Unfortunately the Internet isn’t just one network, and considerations include heterogenous networks, including cell towers, slow connectivity, fast connectivity, proxy servers, and firewalls; all things that can disrupt connectivity.
Check out video of my talk below, or keep scrolling to see the 5 challenges of IoT connectivity:
At PubNub, we think a lot about IoT connectivity. So to make PubNub the best network for connecting and signaling between Internet of Things devices, we first had to understand the challenges of doing so. Presenting the 5 challenges of IoT connectivity:
With connected IoT devices, reliable bidirectional signaling is essential for collecting and routing data between devices. That’s where IoT data streams comes into play. Devices may be talking to a server to collect data, or the server may be talking to the devices, or maybe those devices are talking to one another. No matter what the use case, data needs to get from point A to point B quickly and reliably. You need to be 100% sure that that stream of data is going to arrive at its destination every time.
Security is a huge umbrella, but it’s paramount in Internet of Things connectivity. For example, what good is a smart home if anyone can unlock your doors? Here are three specifics:
- Authorization: When sending or receiving a stream of data, it’s essential to make sure that the IoT device or server has proper authorization to send or receive that stream of data.
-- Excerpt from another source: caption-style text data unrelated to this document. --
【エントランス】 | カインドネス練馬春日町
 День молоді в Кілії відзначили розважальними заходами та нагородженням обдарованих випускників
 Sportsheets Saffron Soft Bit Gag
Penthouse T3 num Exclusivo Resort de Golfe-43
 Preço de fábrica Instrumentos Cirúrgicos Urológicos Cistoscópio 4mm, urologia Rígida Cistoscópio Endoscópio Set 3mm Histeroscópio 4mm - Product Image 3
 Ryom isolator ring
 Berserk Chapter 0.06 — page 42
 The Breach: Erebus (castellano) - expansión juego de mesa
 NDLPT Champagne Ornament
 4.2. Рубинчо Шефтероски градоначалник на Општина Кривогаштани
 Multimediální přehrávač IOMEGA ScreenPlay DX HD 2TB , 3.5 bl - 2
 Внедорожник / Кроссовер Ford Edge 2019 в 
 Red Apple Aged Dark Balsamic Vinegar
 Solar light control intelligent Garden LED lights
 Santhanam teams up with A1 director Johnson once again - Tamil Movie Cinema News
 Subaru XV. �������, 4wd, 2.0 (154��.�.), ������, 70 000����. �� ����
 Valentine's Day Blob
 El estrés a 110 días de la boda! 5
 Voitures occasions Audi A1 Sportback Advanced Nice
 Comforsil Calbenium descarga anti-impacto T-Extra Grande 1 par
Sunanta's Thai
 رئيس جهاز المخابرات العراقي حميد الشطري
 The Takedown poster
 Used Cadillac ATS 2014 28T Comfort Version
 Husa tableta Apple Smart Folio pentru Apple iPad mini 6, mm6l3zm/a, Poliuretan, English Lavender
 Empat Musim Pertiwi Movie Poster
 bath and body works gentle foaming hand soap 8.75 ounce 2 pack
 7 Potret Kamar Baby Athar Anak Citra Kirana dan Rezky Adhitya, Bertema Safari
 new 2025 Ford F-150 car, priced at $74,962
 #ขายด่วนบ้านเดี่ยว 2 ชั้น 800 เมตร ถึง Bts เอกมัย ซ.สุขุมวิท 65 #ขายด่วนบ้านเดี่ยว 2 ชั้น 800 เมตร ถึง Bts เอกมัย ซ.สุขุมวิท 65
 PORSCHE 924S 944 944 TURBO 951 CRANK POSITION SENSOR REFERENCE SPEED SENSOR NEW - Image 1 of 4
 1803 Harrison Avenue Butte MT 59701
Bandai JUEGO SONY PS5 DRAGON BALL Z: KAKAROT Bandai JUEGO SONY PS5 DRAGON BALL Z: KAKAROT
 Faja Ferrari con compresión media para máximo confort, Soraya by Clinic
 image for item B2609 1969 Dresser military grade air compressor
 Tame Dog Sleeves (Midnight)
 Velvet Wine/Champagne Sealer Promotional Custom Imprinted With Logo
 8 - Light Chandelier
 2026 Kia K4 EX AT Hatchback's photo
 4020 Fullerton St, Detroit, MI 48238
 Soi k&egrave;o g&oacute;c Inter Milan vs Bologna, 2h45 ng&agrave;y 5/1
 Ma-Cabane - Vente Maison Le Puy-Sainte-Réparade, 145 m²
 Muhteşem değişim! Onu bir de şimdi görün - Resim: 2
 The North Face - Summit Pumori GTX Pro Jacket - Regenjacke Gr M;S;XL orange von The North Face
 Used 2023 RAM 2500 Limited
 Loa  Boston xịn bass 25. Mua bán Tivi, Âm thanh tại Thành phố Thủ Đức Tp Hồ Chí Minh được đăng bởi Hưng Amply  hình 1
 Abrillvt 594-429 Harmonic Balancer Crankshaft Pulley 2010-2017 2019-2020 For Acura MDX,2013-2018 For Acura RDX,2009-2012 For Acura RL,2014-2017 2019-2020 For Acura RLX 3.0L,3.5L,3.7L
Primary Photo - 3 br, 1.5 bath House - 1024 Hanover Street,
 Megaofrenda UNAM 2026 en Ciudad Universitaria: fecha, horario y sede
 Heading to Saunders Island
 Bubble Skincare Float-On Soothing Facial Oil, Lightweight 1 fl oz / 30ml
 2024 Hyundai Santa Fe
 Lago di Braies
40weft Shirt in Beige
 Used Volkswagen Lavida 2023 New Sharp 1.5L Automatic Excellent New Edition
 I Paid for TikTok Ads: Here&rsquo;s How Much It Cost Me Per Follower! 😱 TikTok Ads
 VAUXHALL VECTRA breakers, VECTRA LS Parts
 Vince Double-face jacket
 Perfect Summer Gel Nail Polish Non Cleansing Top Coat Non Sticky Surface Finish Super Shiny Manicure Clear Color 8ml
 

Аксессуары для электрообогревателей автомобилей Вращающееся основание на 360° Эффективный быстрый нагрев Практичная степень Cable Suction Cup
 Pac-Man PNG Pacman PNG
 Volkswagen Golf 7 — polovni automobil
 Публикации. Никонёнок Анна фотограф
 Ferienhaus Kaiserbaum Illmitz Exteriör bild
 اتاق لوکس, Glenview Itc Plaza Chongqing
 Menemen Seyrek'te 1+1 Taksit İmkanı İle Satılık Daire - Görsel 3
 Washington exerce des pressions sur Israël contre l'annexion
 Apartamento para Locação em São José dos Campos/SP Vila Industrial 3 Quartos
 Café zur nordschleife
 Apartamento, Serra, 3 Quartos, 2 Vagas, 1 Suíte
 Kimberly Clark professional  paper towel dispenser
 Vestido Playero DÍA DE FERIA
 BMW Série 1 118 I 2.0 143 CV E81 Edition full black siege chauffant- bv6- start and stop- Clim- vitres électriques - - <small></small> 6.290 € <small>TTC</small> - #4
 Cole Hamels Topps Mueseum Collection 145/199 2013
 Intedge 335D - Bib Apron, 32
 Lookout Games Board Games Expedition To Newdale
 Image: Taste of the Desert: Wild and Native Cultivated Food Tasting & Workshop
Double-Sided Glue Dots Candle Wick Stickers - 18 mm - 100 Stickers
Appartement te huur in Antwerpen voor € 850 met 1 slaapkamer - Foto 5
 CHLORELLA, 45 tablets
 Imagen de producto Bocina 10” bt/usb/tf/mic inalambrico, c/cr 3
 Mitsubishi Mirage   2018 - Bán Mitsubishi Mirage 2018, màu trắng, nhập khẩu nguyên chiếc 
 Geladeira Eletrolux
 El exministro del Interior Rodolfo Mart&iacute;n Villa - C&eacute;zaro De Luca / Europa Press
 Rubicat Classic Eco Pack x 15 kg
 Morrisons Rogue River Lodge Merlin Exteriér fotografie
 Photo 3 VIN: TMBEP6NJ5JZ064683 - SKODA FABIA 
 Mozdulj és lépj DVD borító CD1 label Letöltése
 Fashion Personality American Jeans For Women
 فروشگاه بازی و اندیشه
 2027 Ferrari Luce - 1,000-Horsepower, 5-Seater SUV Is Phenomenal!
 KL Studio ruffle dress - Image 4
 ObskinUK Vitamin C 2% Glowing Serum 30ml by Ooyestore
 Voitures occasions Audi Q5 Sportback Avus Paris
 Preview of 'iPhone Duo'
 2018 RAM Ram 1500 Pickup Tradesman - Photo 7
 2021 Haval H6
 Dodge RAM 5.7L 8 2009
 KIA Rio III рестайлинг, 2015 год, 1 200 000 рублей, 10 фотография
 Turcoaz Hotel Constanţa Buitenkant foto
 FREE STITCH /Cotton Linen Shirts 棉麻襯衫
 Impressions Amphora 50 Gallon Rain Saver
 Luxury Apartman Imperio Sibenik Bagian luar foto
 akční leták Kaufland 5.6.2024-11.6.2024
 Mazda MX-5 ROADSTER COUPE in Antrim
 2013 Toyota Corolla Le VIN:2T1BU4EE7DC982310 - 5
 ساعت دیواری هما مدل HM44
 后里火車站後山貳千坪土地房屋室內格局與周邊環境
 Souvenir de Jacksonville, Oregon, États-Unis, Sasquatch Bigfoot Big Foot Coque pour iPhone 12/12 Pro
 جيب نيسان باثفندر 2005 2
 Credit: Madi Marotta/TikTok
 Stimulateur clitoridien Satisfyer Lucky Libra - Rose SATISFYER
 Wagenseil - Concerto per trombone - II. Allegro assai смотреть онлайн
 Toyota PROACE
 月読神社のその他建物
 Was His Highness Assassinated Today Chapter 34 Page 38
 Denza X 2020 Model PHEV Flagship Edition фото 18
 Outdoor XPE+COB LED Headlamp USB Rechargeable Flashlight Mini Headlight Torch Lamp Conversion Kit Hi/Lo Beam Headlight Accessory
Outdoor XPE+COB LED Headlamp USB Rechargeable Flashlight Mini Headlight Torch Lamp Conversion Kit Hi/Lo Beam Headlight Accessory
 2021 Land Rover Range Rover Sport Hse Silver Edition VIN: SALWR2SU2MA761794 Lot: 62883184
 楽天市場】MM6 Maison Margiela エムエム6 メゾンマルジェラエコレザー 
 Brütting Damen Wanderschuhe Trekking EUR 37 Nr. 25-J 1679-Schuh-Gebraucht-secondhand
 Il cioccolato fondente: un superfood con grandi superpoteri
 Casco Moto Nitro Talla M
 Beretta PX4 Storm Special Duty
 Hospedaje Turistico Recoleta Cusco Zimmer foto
- Open ports: An IoT device is dangerously vulnerable when it’s sitting and listening to an open port out to the Internet. You need birectional communication, but you don’t want to have open ports out to the Internet.
- Encryption: You need end to end encryption between devices and servers.
3. Presence Detection
It’s important to immediately know when an IoT device drops off the network and goes offline. And when that device comes back online, you need to know that as well. Presence detection of IoT devices gives an exact, up to the second state of all devices on a network. This gives you the ability to monitor your IoT devices and fix any problems that may arise with your network.
4. Power consumption
Thousands of IoT devices signaling and sending data between one another takes a toll on power and CPU consumption. With all this communication, you need minimal battery drain and low power consumption. You can’t afford to use up 100% of an IoT devices’s small and expensive embedded CPU power.
In addition to power and CPU, bandwidth consumption is another challenge for IoT connectivity. Bandwidth on a cellular network is expensive, especially with hundreds of thousands of IoT devices on a network sending request/response signals to your server.
That’s a huge server issue and a requires a large scale server farm handling all this data. You need a lightweight network that can seamlessly transfer data between devices and servers.
Connecting IoT Devices with PubNub
IoT connectivity should be a forethought before deployment, not an after thought. Having scalable IoT network to connect devices and servers is critical for a large scale IoT app. It’s essential to consider these five IoT connectivity issues.
These are the types of Internet of Things challenges we’ve solved at PubNub. With over two hundred million connected devices connected to our global real-time data stream network in fourteen data centers, we average 50 to 60 thousand transactions per second, peaking at over 3 million. PubNub is used to stream data and signal for hundreds of different IoT uses cases including:
- Automotive: Connected cars need a real-time communication layer to stream data and signal between their fleet, dispatch, and the consumer on the app. Examples: Sidecar, Lyft, Easy Taxi, Gett, Zoomy
- Home Automation: A real-time data stream network can be used to signal and trigger actions for smart devices and home automation solutions. Examples: Insteon, Revolv, Vivint
- Wearables: IoT wearables require a low latent, lightweight network to stream data between the device and a server. Battery, CPU, and bandwidth consumption are all important considerations that must be taken into account. Examples: 3rd Eye, AllJoyn
By 2020, it’s estimated that there will be between 20 and 30 billion connected devices on the Earth. As a result, how we connect those devices should take precedence as the IoT field grows exponentially.